» **Supplied entries**
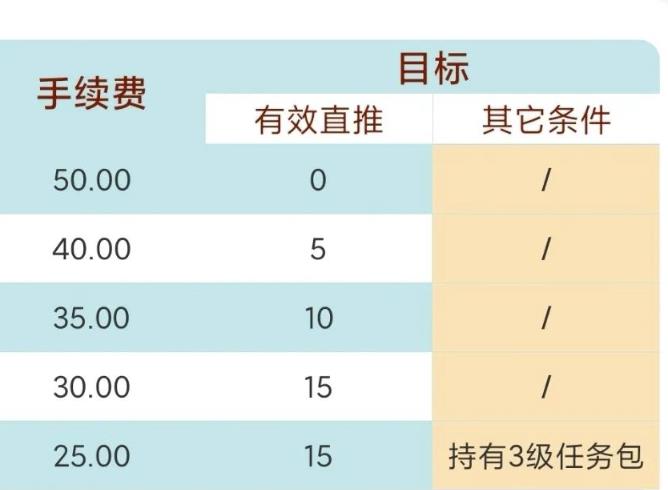 零撸躺赚项目思路,一台手机1W+,零门槛无需推广,无需投资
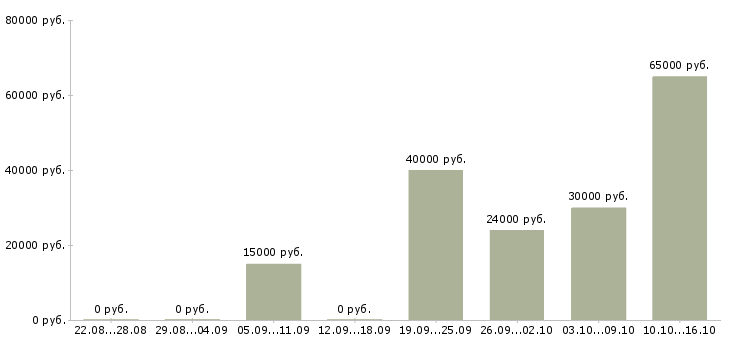 Вакансии сборщик техники в Кирове - Медиана зарплат сборщик техники в Кирове за 2 месяца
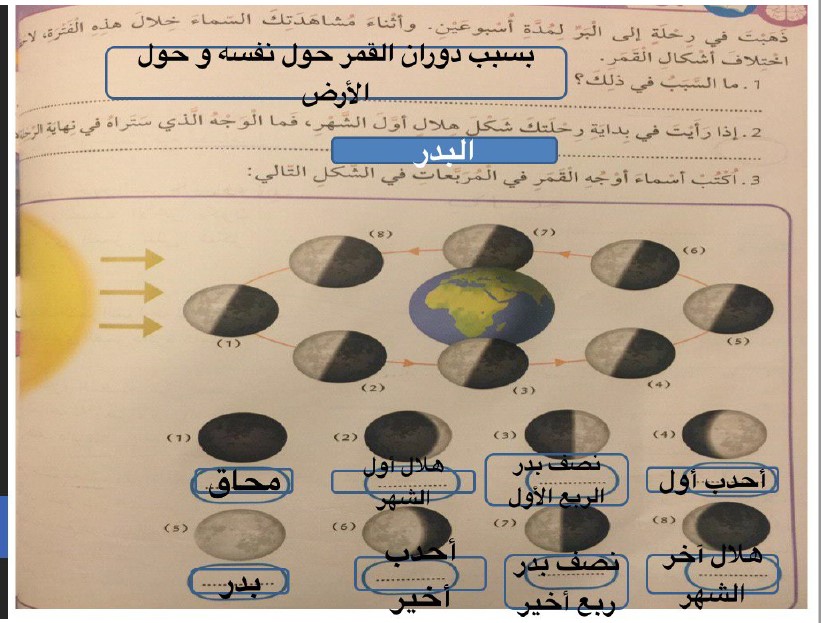 حل درس حركة القمر علوم الصف الخامس الفصل الثاني
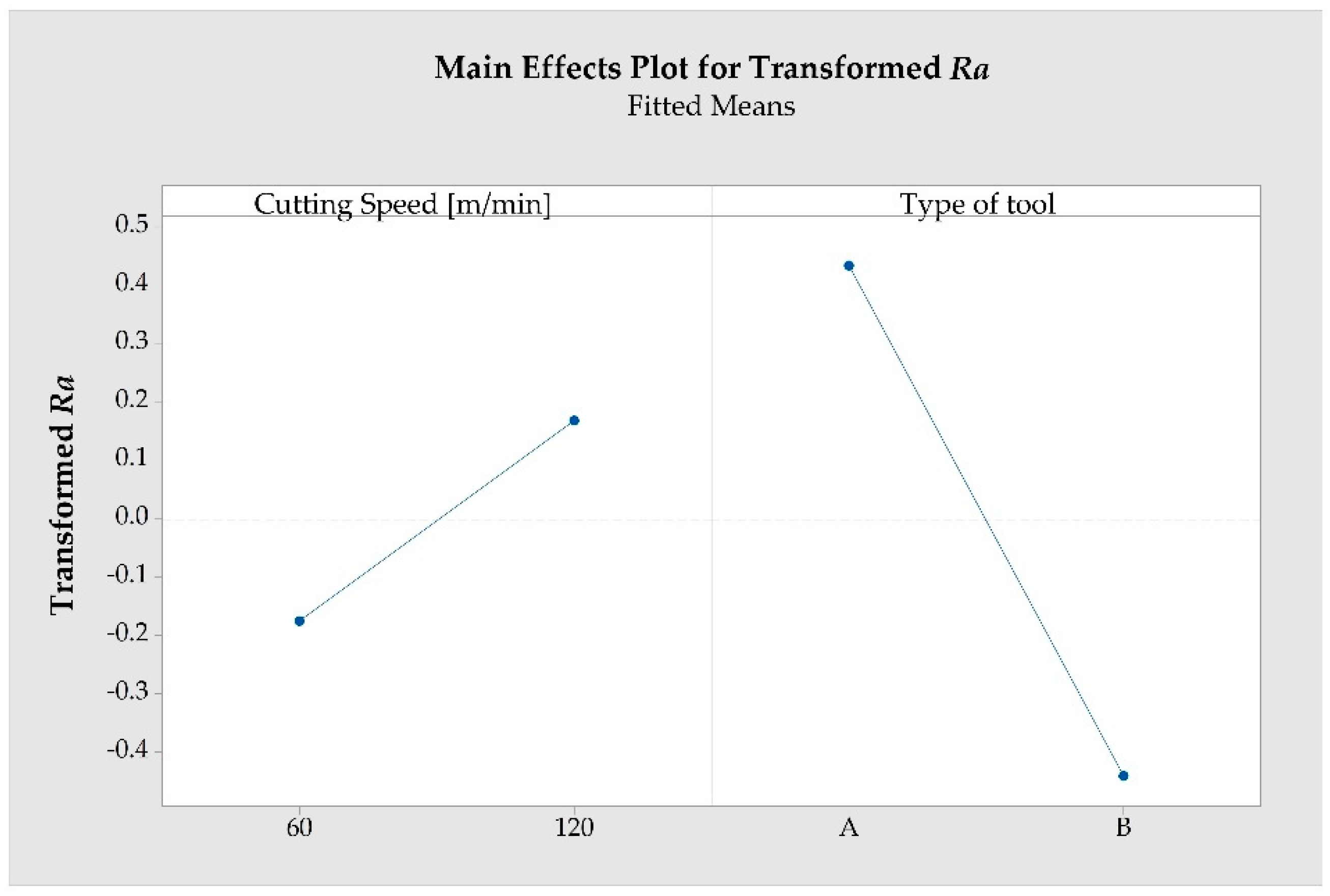 Metals 09 00740 g007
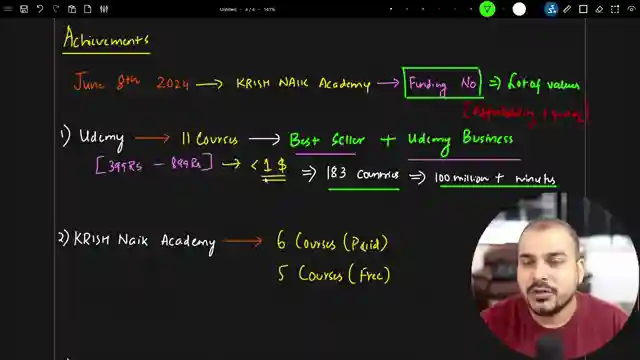krishnak-academy-one-year-milestone-in-ai-education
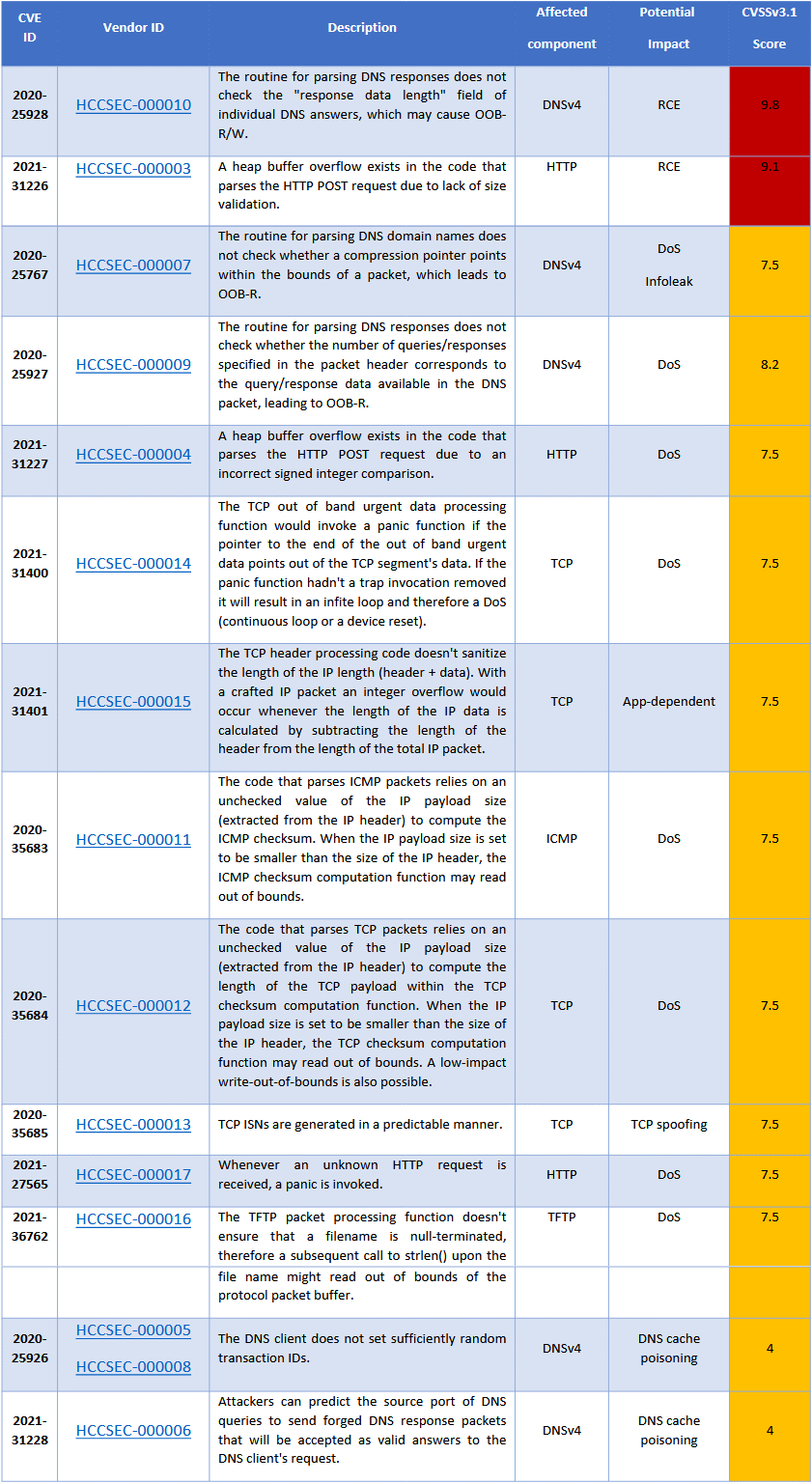 INFRA:HALT vulnerabilities Image List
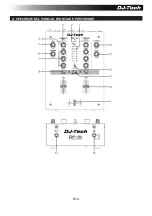 Предварительный просмотр 16 страницы DJ-Tech DIF-IS User Manual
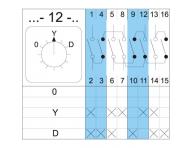 Va�kov� sp�na� Apator 4G16-12-PK, IP55, 3-p�l, 16 A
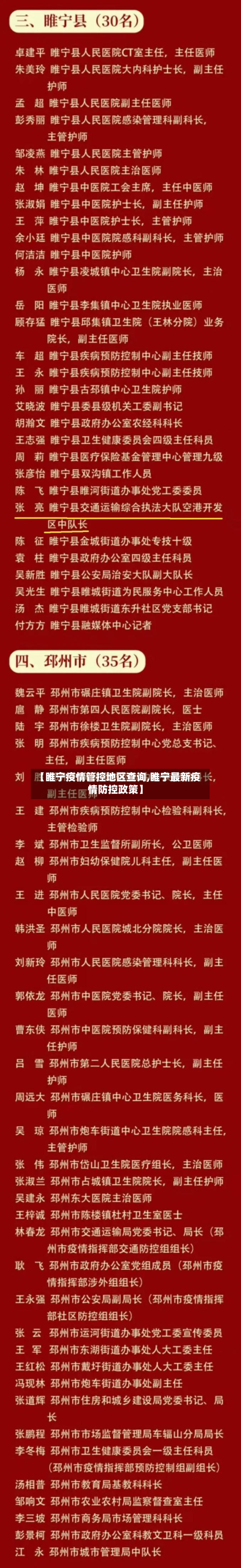 【睢宁疫情管控地区查询,睢宁最新疫情防控政策】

» **What you should do**
If a line holds a picture, skip the picture and transcribe the rest of the material exactly.

» **Answer space**
 零撸躺赚项目思路,一台手机1W+,零门槛无需推广,无需投资
 Вакансии сборщик техники в Кирове - Медиана зарплат сборщик техники в Кирове за 2 месяца
 حل درس حركة القمر علوم الصف الخامس الفصل الثاني
 Metals 09 00740 g007
krishnak-academy-one-year-milestone-in-ai-education
 INFRA:HALT vulnerabilities Image List
 Предварительный просмотр 16 страницы DJ-Tech DIF-IS User Manual
 Va�kov� sp�na� Apator 4G16-12-PK, IP55, 3-p�l, 16 A
 【睢宁疫情管控地区查询,睢宁最新疫情防控政策】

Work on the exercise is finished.